The evidence on the boom was consistent with the accounts of the event. The main boom “whiplashed” backward causing the heel section to contact padeyes at the base of the boom. The momentum of the impact caused the concave impressions in the top chords of the heel section of the boom. This resulted in structural damage to the main boom. The whiplash occurred when a heavy load on the boom was suddenly released. The sudden release of the load was consistent with the release of the drum brake that occurred when the pedal brake did not engage when the air brake valve was released. As a result of the malfunctioning brake pedal actuation a sudden release of the main drum brake allowed the wire rope to play out causing a drop of the load and sudden unloading of the boom. The sudden unloading of the boom caused the boom to impact the top of the leads which dented the bottom chord of the tip section and other damage observed.

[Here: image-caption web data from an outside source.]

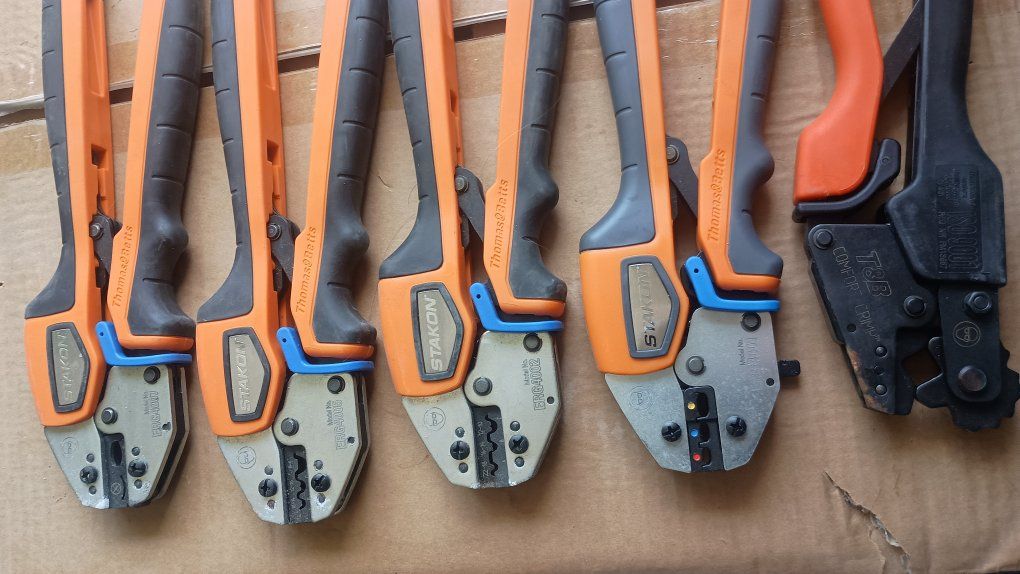 Stakon  Thomas &Betts crimping tools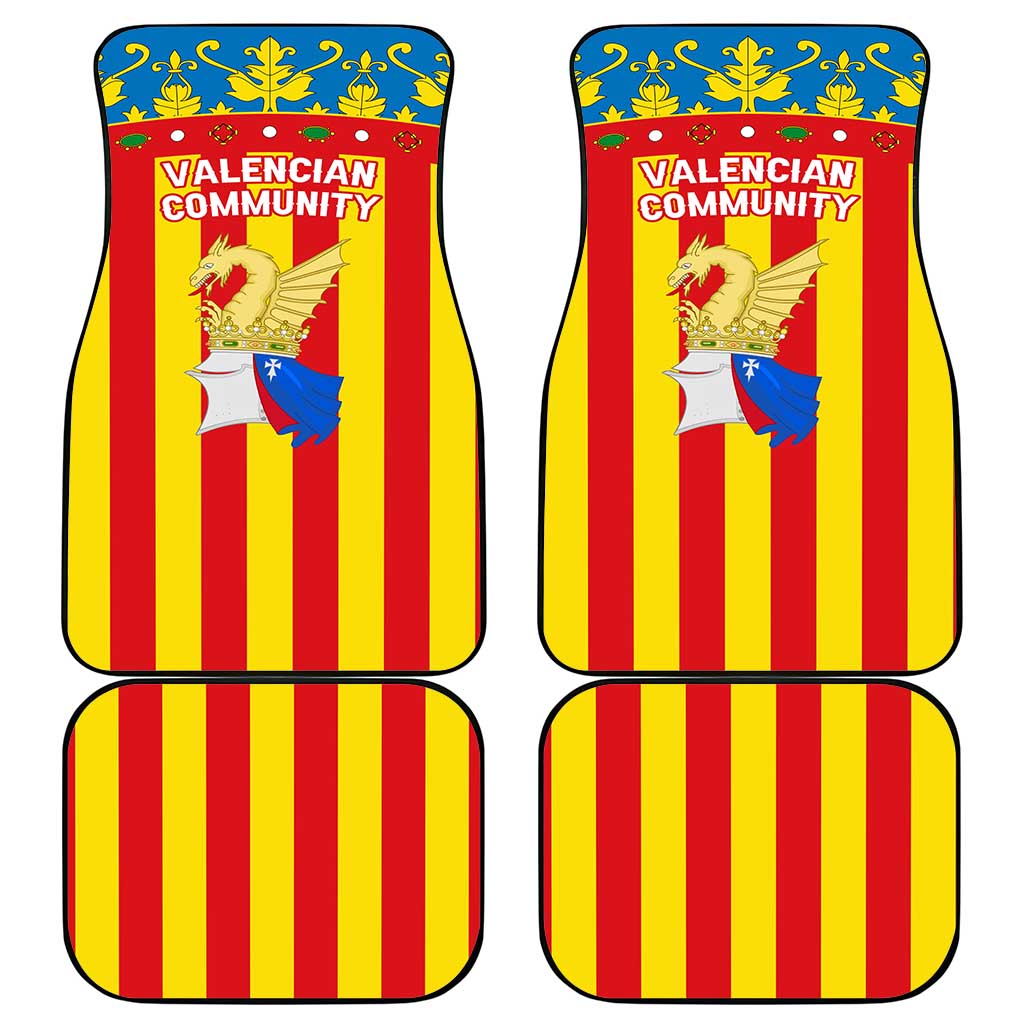 Valencian Community Flag Car Mats Autonomous Community of Spain - Wonder Print Shop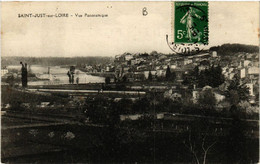 CPA AK St-JUST-sur-LOIRE - Vue Panoramique (580304) - Saint Just Saint Rambert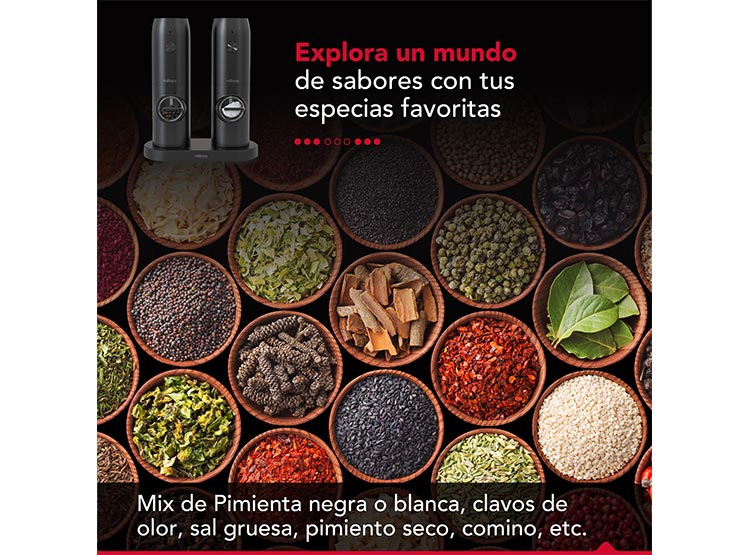 SET MOLEDORES DE ESPECIAS THORBEN THOR USB GRINDER - 7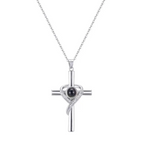 I Love You Projection Cross Pendant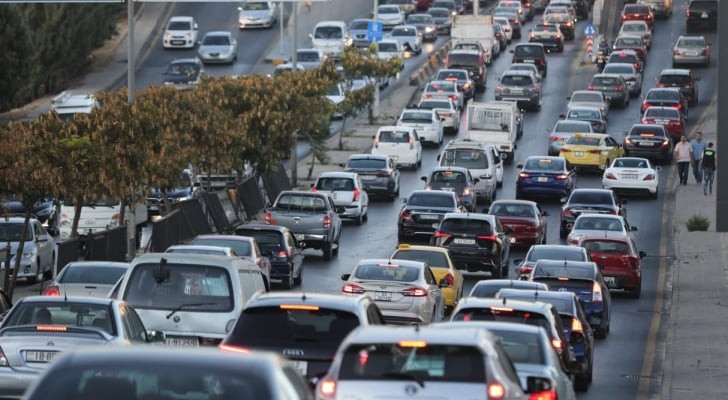 الأردن من بين أكثر 12 دولة في العالم ازدحامًا بالمرور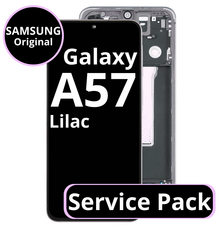 LCD Samsung Galaxy A57 GH82-39285D A567 With Frame Awesome Lilac Service Pack Box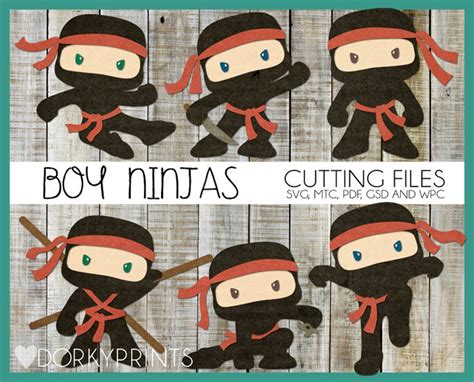 Ninja Cuttable Files For Use With Cutting Machines Svg Etsy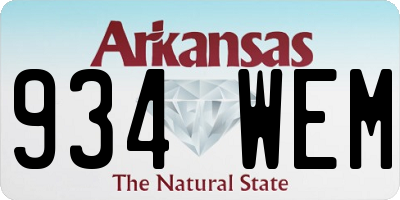AR license plate 934WEM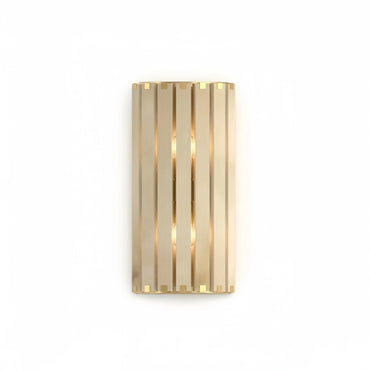 Excelis Modern Vertical Alabaster Wall Sconce – Stainless Steel Frame Hallway
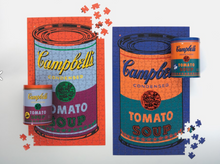 Load image into Gallery viewer, Andy Warhol Soup Can Orange 300 Piece Puzzle
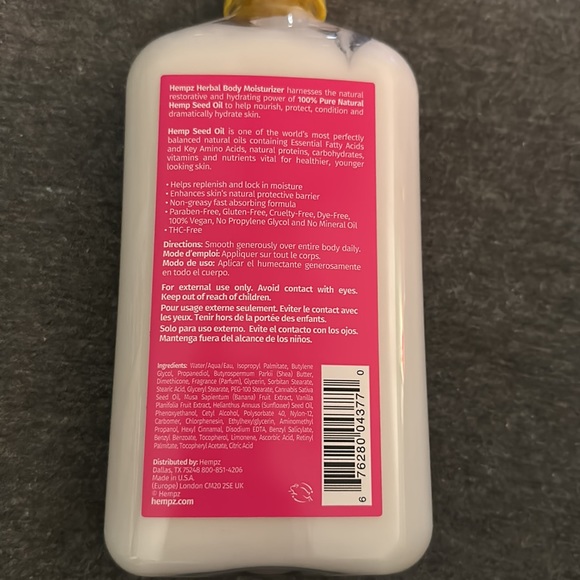 Hempz Bath & Body Hempz Sugared Banana And Vanilla Blossom Lotion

Conclusions of Crane Failure Evaluation
1. The physical evidence observed on the American 5300 crawler crane indicated that the main boom “whiplashed” backward causing the heel section to contact padeyes behind the heel section of the boom. The whiplash of the boom was caused by a sudden release of the load of the pile driving hammer and leads.
2. The physical evidence indicated that the sudden release of the load was a result of the release of the main hoist drum brake due to the malfunctioning of the brake foot pedal latch. When the operator released the air brake with the use of the pneumatic valve, the brake pedal lifted. This was due to the malfunction of the brake pedal latch such that the brake pedal dogs did not engage the latch plate. The malfunction of the brake pedal latch was caused by the application of a sticky substance on the bottom of the rubber pedal cover which interfered with the rotation of the brake pedal.
3. The conditions on the crane and the repeated malfunctioning of the foot pedal indicated that the faulty operation of the pedal was an ongoing problem at the work site.